Another famous painter of these days was, I believe, in Spain when, shortly after our return from South America, I was taken in tow to his mother's house, and one of the first books to come my way—Robinson Crusoe—was given to me by her, the mother of Kerr Lawson. The house was in Shields Road (I do not suppose it stands now), set back a little way beyond a lawn, a few trees round it with spring flourish on them. All that was wrong with the house, I remember hearing, was that on foggy days and nights the screaming of engine-whistles, and the explosion of detonators on the railway tracks near-by, were wearisome.
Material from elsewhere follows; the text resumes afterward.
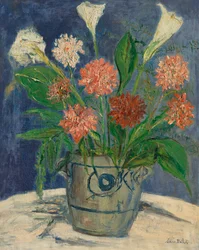 Vase med arumliljor och dahlior, ca 1932 (olja på duk)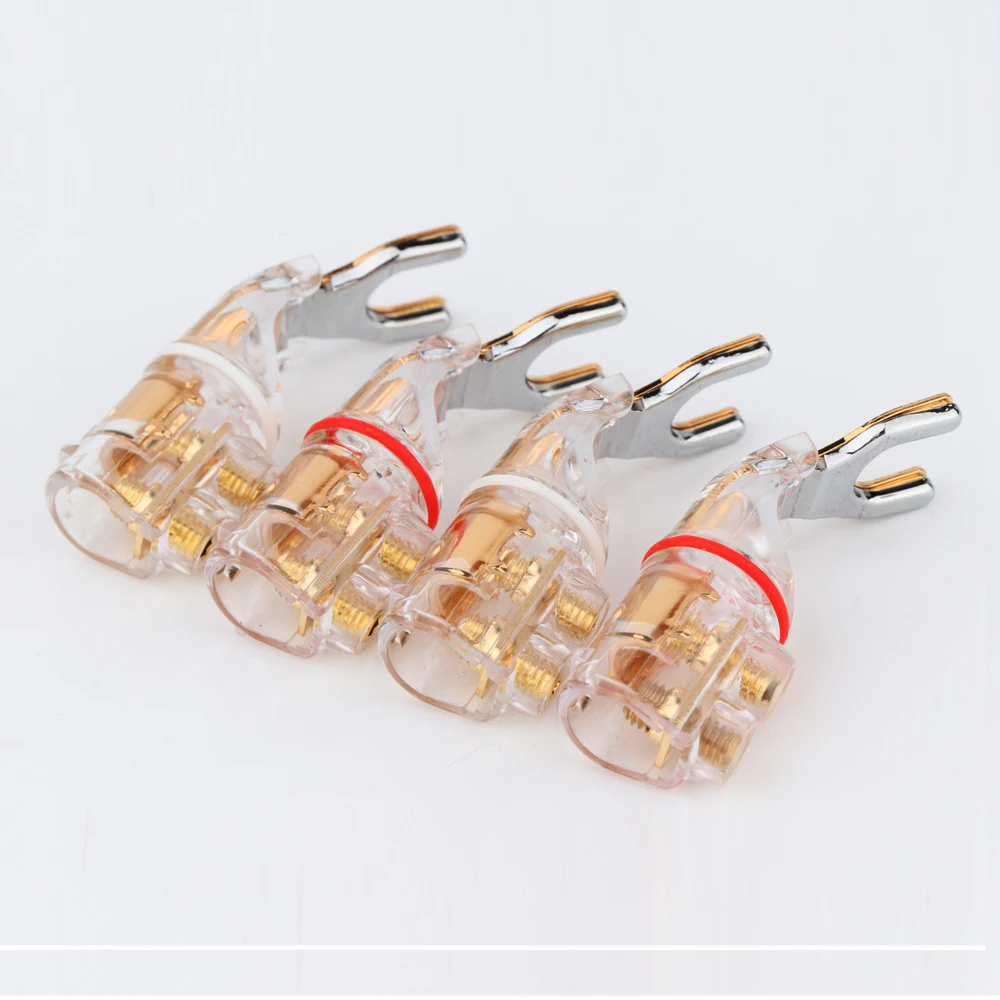 8 Connecteurs Banane Y/Spade Plaqués Or Pour Haut-Parleurs - Fiches Cuivre Pur Pour Câbles Audio - 13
But there was sunshine that day in the book-lined room in which we sat, and sunlight was in the coloured plates of the Robinson Crusoe I was given to carry home.

It had an additional interest for me because from Valparaiso, where I was born, now and then parties sailed out to visit Juan Fernandez, the island of the original Robinson Crusoe—Alexander Selkirk, or Selcraig—although Defoe had set his island somewhere off the mouth of the Orinoco. I have that copy of Robinson Crusoe still. Even in adventurous times later, when many of my books became a movable feast and passed to the second-hand booksellers in London, I could not part with it.

Tough days! Tough days reveal to us our friends. When I went broke and had to sell books and prints, one was memorably disclosed to me. I had a Whistler etching. It went with the rest. When I was on my feet again Holbrook Jackson arrived one day with a flat parcel under his arm. "A little present for you," he said. It was my cherished and sacrificed Whistler. He had bought it from the dealer to whom I had sold it and kept it till there would be evidence of my financial affairs having improved. I have it still also.

Harrington Mann's mother gave me Treasure Island. Robinson Crusoe and Treasure Island were none too bad for a start, I think.

The years slipped past. The doo-cot was taken down.